Prove $\binom{2n}{n}~=~\sum_{k=0}^n \binom{n}{k}^2$

Question

Within another answer to a question concerning a sums of the type

$$\sum_{k=0}^n \binom{n}{k}^2$$

there was a simple indetity given which reduces this sum to a simple binomial coefficient, to be exact to

$$\binom{2n}{n}$$

However I tried to prove the formula

$$\sum_{k=0}^n \binom{n}{k}^2~=~\binom{2n}{n}$$

by induction and failed. Overall my attempt was to split up the sum for $n=m+1$ as follows

$$\sum_{k=0}^{m+1} \binom{m+1}{k}^2~=~\sum_{k=0}^m \binom{m+1}{k}^2 + \binom{m+1}{m+1}^2~=~(m+1)^2\sum_{k=0}^m \frac1{(m+1-k)^2}\binom{m}{k}^2 +1$$

I now stuck at reshaping this sum in the end and to substitute it by

$$\binom{2m}{m}$$

so I guess either induction is not the right way to approach to this proof or I made a critical error somewhere. I would be interested in a right proof and a explanation why my attempt did not worked out.

Thank you in advance.

---

I just figured out this formula is called Vandermondes Identity and it can be derived in way from the Binomial Theorem. But I am still interested in a proof maybe without this property.

Answer 1

EDIT: After posting, I saw the edit to the question asking for a proof without using the binomial theorem. Unfortunately, I don't have one, but I'll leave this answer posted since it is a correct proof.

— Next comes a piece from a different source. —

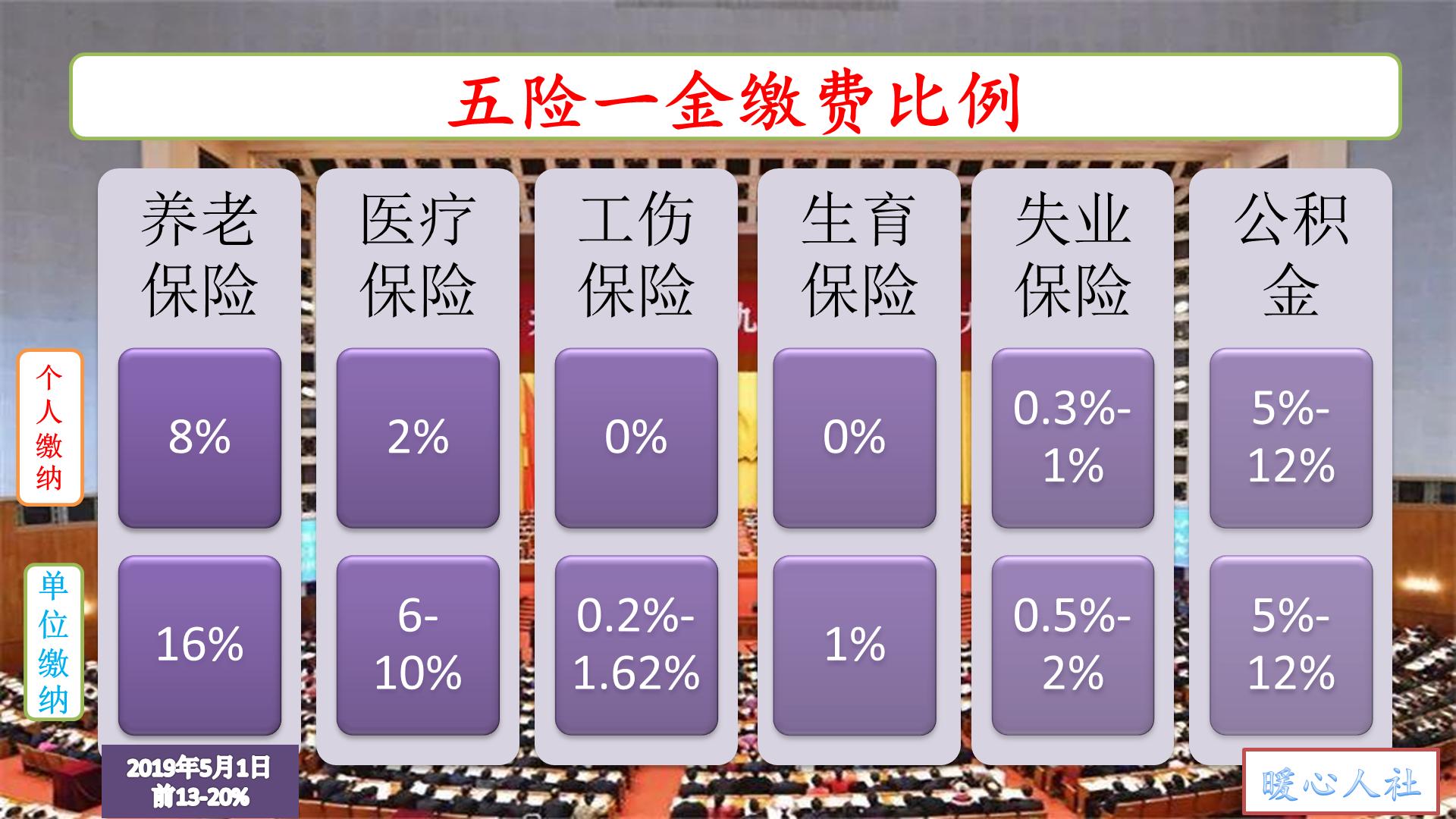 农民可以交养老保险吗,农村养老保险多少岁可以领退休金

Look at the coefficient of $x^n$ in the expansion of $(1+x)^{2n}.$ By the binomial theorem, we have $$(1+x)^{2n} = \sum^{2n}_{k=0} \binom{2n}{k} x^k$$ and thus the coefficient of $x^n$ is $\binom{2n}n$. On the other hand, we have $$(1+x)^{2n} = \big((1+x)^n\big)^2 = \left(\sum^n_{\ell=0} \binom{n}\ell x^\ell \right)^2.$$ When we square this sum, the terms that produce $x^n$ are those of the form $x^\ell\cdot x^{n-\ell}$ and the corresponding coefficient is $\binom n \ell \binom{n}{n-\ell}$. But $\binom n \ell = \binom{n}{n-\ell}$, so these coefficients are $\binom{n}\ell^2$. Since one of these occur for each $\ell=0,\ldots,n$, we see that the whole coefficient of $x^n$ is $\sum^n_{\ell=0} \binom{n}{\ell}^2$ and thus $$\binom{2n}n = \sum^n_{\ell=0} \binom n \ell^2.$$

Answer 2

Suppose you have a set of size $2n$. Divide it into two subsets of size $n$. You know that $2n\choose n$ is the number of subsets of size $n$ from the $2n$ elements.

Let $k$ be an integer $0 \le k \le n$. Let $E_k$ be the set of all subsets of size $n$ where $k$ are chosen from one of the two subsets of size $n$ and $n-k$ from the other. Then $E_k$ has $${n\choose n-k}{n\choose k} = {n\choose k}^2$$ elements. I think you can see the rest.

Answer 3

Maybe it is interesting to see that using the integral representation of the binomial coefficient $$\dbinom{n}{k}=\frac{1}{2\pi i}\oint_{\left|z\right|=\epsilon}\frac{\left(1+z\right)^{n}}{z^{k+1}}dz$$ we get $$\sum_{k=0}^{n}\dbinom{n}{k}^{2}=\frac{1}{2\pi i}\oint_{\left|z\right|=\epsilon}\frac{\left(1+z\right)^{n}}{z}\sum_{k=0}^{n}\dbinom{n}{k}z^{-k}dz$$ $$=\frac{1}{2\pi i}\oint_{\left|z\right|=\epsilon}\frac{\left(1+z\right)^{n}}{z}\left(1+\frac{1}{z}\right)^{n}dz=\frac{1}{2\pi i}\oint_{\left|z\right|=\epsilon}\frac{\left(1+z\right)^{2n}}{z^{n+1}}dz=\dbinom{2n}{n}.$$

Answer 4

Let there be a square grid of size $n$ x $n$ with two particles situated at the opposite corners. We want to find the no. of ways they can meet if both of them have the same speed and they can move only up and down as they both have to cover equal distance they must meet on the diagonal. So number of ways of meeting is $$\sum_{r=0}^{r=n} {\binom{n}{r}}^2$$ and other way of evaluating this will to be to see the one particle from the other particle's frame: it has to travel n units up and n units right and number of ways of doing it will be: $$\binom{2n}{n}$$